▶ [Work instruction]:
A faithful copy of the entries is needed, one that leaves out the pictures.

[[ The data, beginning ]]

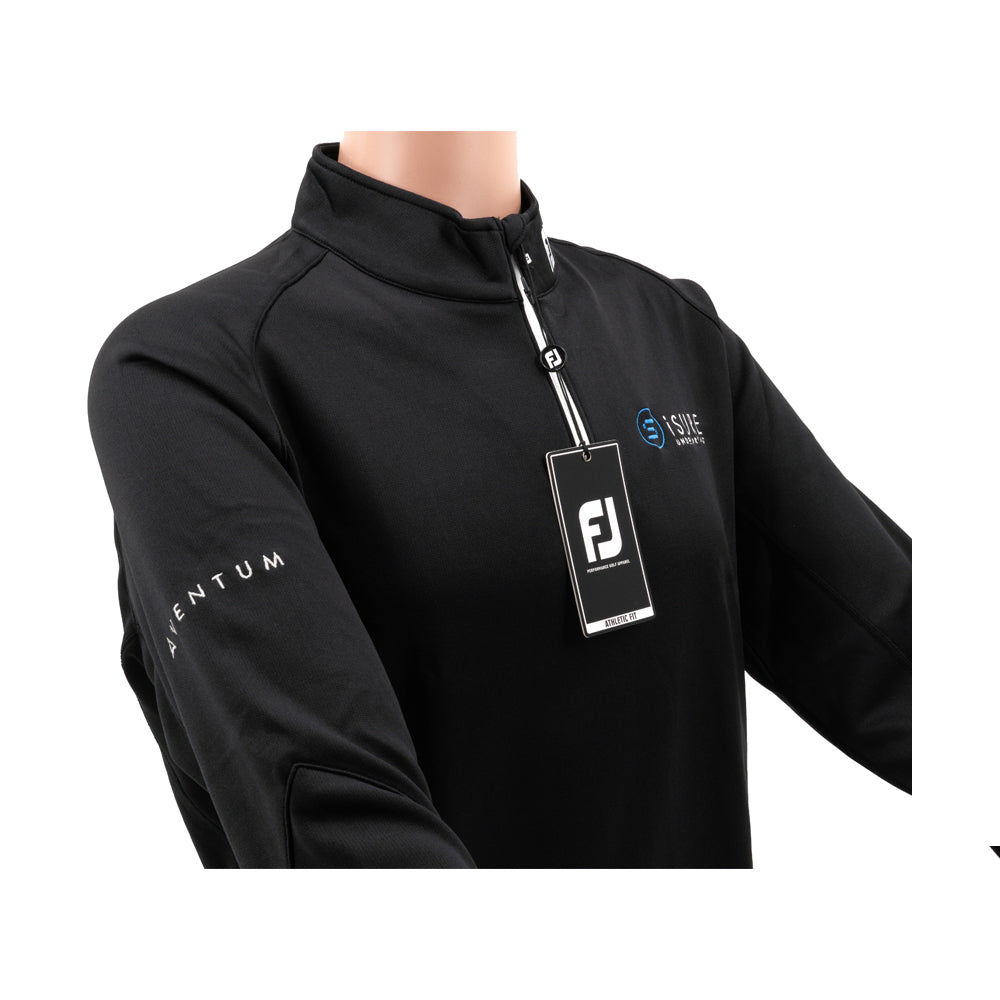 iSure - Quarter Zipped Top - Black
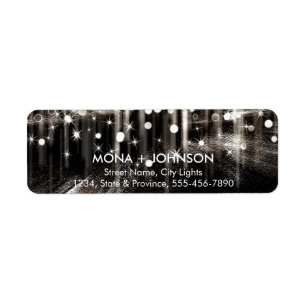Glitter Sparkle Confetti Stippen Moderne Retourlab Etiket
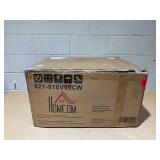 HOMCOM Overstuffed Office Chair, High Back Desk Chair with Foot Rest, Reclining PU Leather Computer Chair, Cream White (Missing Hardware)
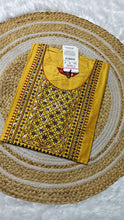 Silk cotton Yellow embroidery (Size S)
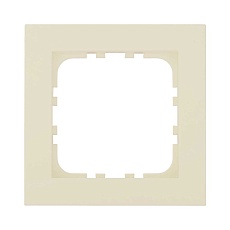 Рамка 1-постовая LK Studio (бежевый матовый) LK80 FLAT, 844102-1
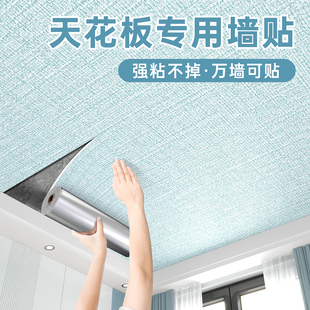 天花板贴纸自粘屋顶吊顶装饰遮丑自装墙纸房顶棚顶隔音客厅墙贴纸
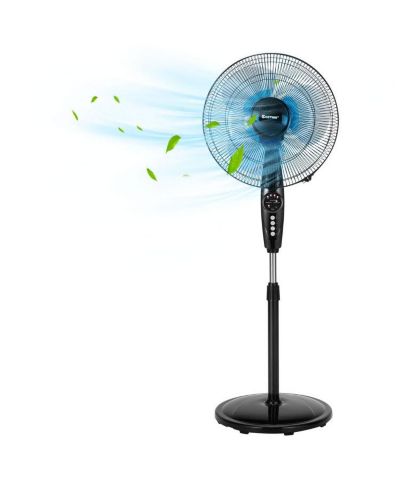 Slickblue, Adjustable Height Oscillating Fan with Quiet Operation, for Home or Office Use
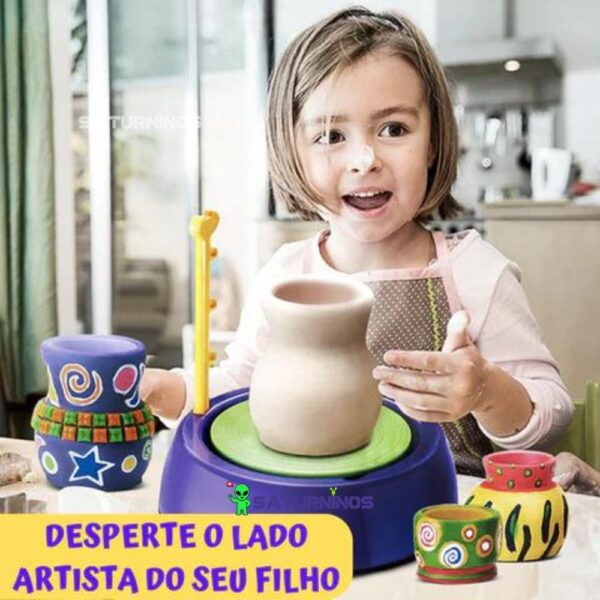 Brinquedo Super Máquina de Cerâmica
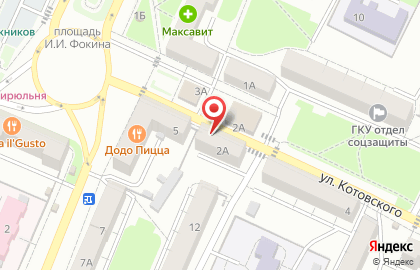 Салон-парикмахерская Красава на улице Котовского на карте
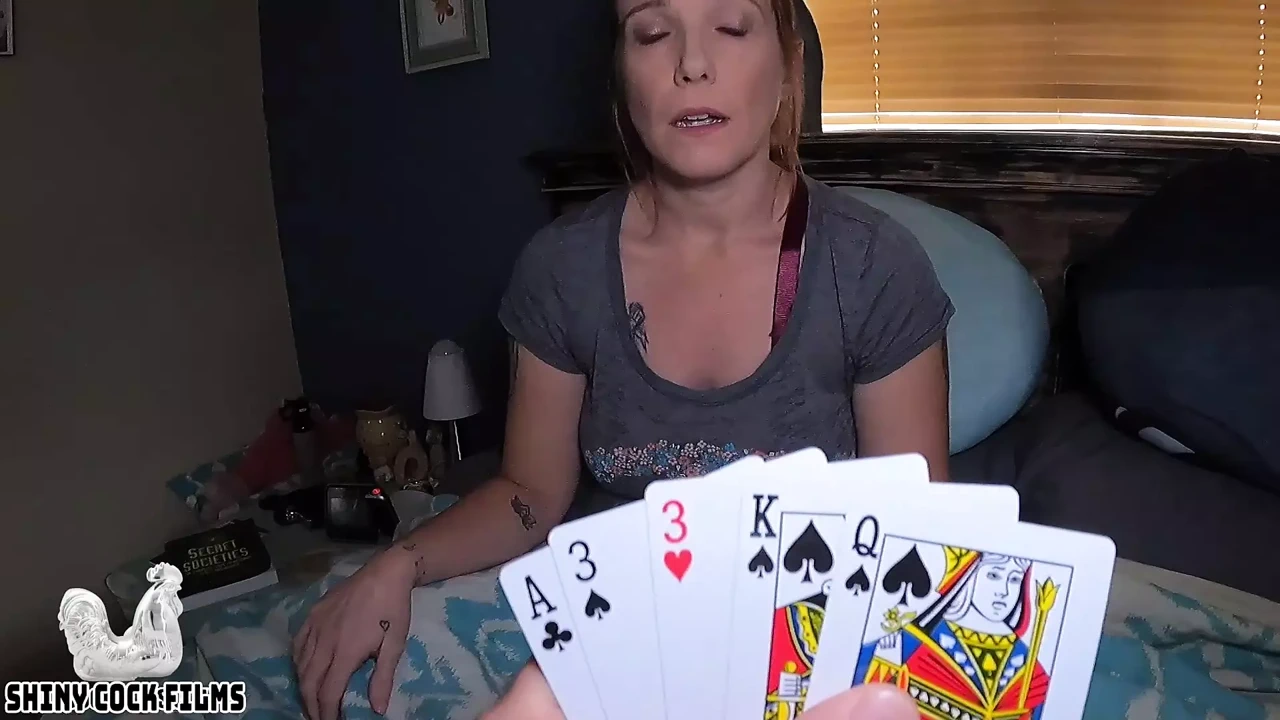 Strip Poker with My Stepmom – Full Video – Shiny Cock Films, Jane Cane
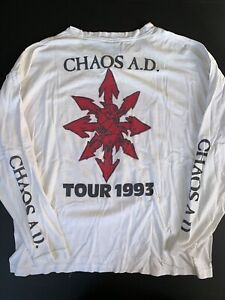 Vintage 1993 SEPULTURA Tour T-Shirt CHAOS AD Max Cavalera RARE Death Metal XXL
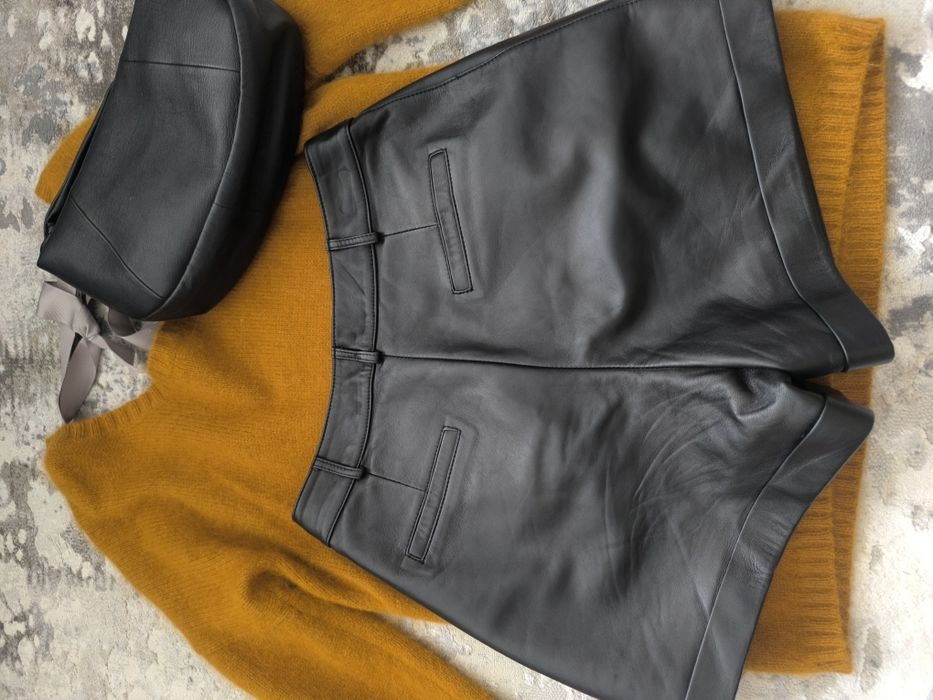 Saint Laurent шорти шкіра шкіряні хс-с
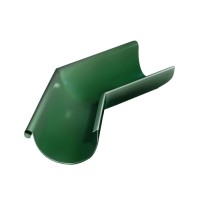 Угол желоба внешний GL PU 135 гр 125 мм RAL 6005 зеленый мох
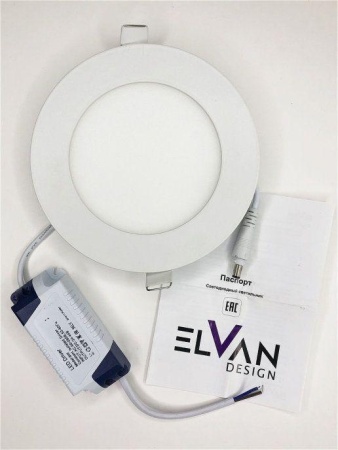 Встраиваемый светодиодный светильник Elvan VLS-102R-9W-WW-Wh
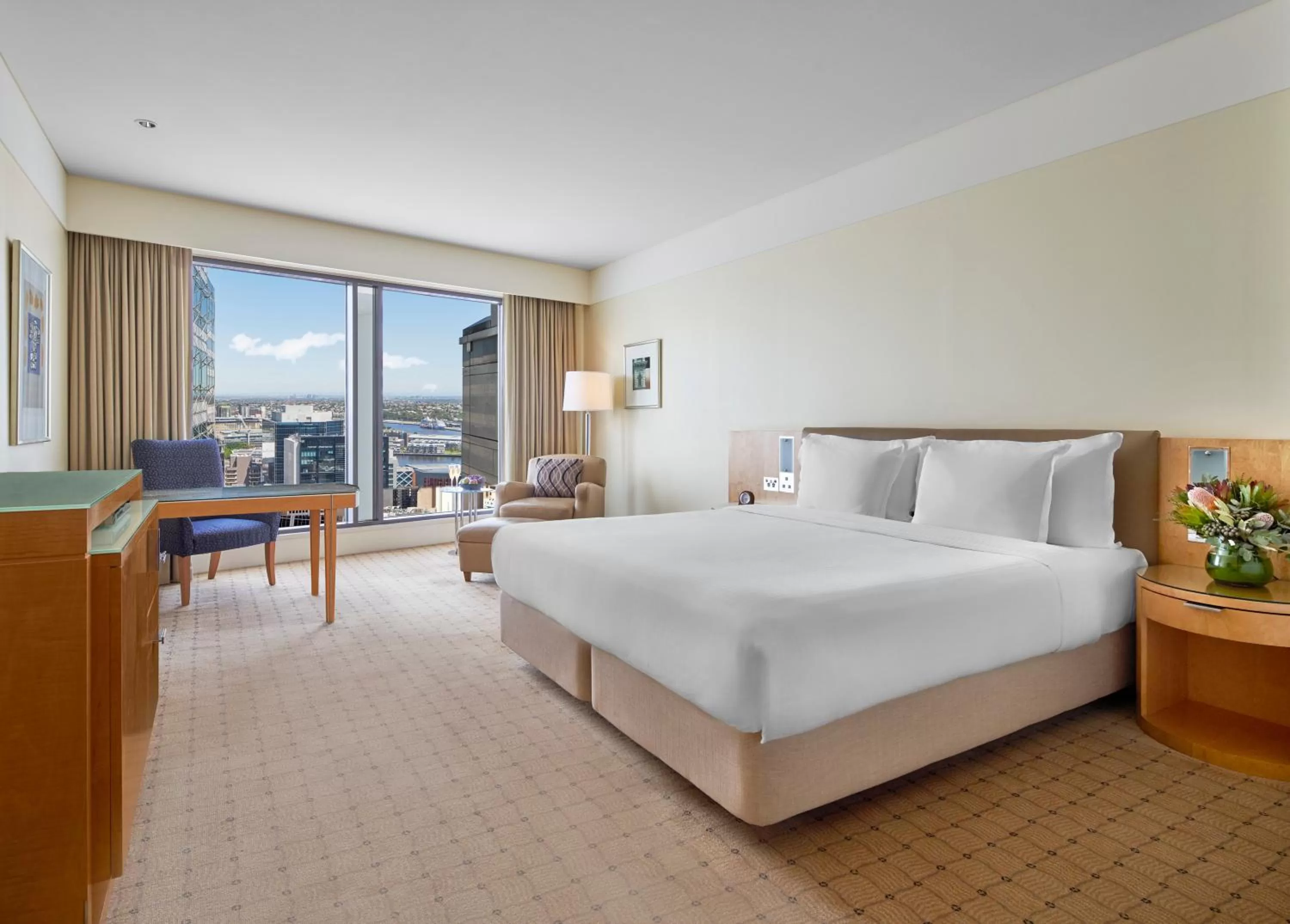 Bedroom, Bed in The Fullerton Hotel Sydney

[[ The data, end ]]

▶ [Task answer]:
 iSure - Quarter Zipped Top - Black
Glitter Sparkle Confetti Stippen Moderne Retourlab Etiket
 HOMCOM Overstuffed Office Chair, High Back Desk Chair with Foot Rest, Reclining PU Leather Computer Chair, Cream White (Missing Hardware)
 Silk cotton Yellow embroidery (Size S)
 Рамка 1-постовая LK Studio (бежевый матовый) LK80 FLAT, 844102-1
 天花板贴纸自粘屋顶吊顶装饰遮丑自装墙纸房顶棚顶隔音客厅墙贴纸
 Slickblue, Adjustable Height Oscillating Fan with Quiet Operation, for Home or Office Use
 Brinquedo Super Máquina de Cerâmica
 Салон-парикмахерская Красава на улице Котовского на карте
 Strip Poker with My Stepmom – Full Video – Shiny Cock Films, Jane Cane
 Vintage 1993 SEPULTURA Tour T-Shirt CHAOS AD Max Cavalera RARE Death Metal XXL
 Saint Laurent шорти шкіра шкіряні хс-с
 Угол желоба внешний GL PU 135 гр 125 мм RAL 6005 зеленый мох
 Встраиваемый светодиодный светильник Elvan VLS-102R-9W-WW-Wh
 Bedroom, Bed in The Fullerton Hotel Sydney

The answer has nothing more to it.